Always remember after shutdown a nuclear plant will put out about 10% of the heat it was producing at shutdown due to the decay of short lived isotopes. So you need a safe way to remove this heat for about 24 hours or the whole thing overheats and destroys itself. Still we need nuclear power. Compared to the long term damage of coal burning, it is a lot better to use nuclear. Three mile island was only an economic loss, not a significant health hazard. Finally starvation is beginning due to hydrocarbon based food production getting more expensive. We are on the Titanic and have already hit the iceberg. There are not enough lifeboats. Just check the CIA web site for birth rates and average age. So enjoy the music and your late night dinner cause the ship is going down.

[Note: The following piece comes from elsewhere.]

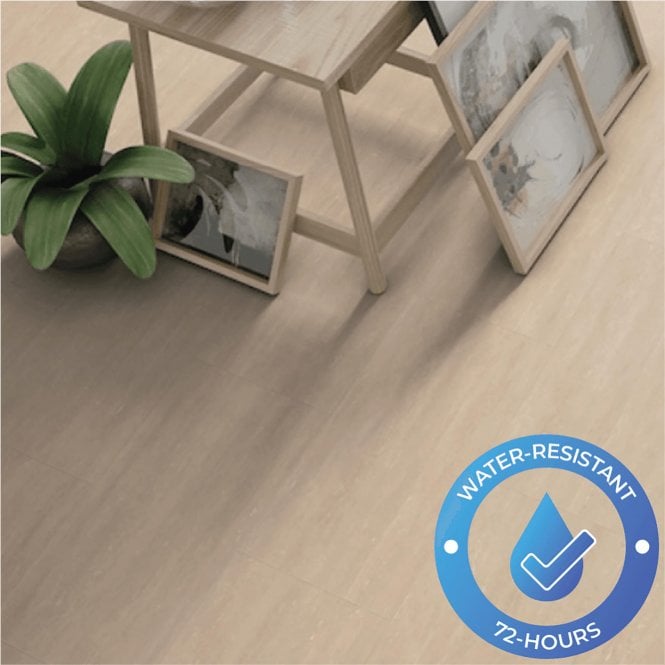 Elite Stone - 8mm Tile Effect Laminate - Beige Travertine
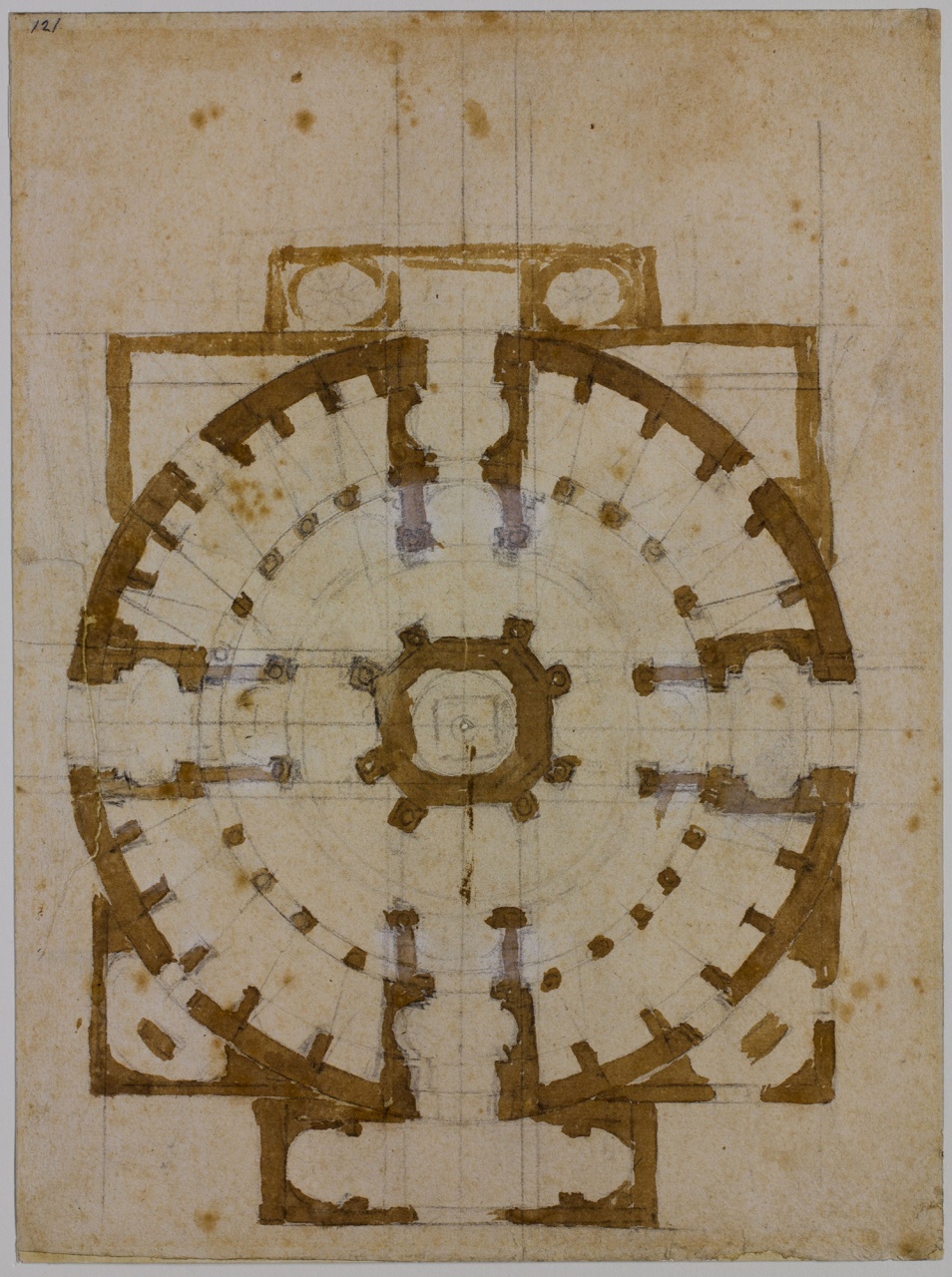 pianta della chiesa di S. Giovanni dei Fiorentini a Roma (disegno architettonico) di Buonarroti Michelangelo (sec. XVI)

That would be 92x92 miles or 8464sq miles.
For comparison Yellow National park is "only" 3472sq miles.
So by undertaking the largest construction project ever and cover over that much area we can power the US with concentrated solar power.
I can only imagine the environmental impact statement required for such a project.
What's the backup plan for the cloudy days? Tucson,AZ has about 89 of them per year. Lots of local backup required.
All that power generation in one area creates a transmission problem as well.
I'd rather see a Pebble Bed Reactors or some other relatively clean nuclear power with plants spread around the the country.
Here's another thought with centralized power, centralized damage could take the whole thing off line. A ripe target prior to an invasion/attack or just to make us spend the money to build it again. Nope, while I'm not opposed to solar power, this massive project is just plain stupid.
Shop smart, Shop S-Mart.
The cost of a solar power plant should be dominated by capital expenses. So what lifetime are they assuming to come up with that 6 to 8 cents/KWH? And what interest rate on the construction bonds? It seems a more realistic comparison would be in terms of cost per peak capacity, or else cost per average capacity (averaged over a year, including bad weather as well as nights).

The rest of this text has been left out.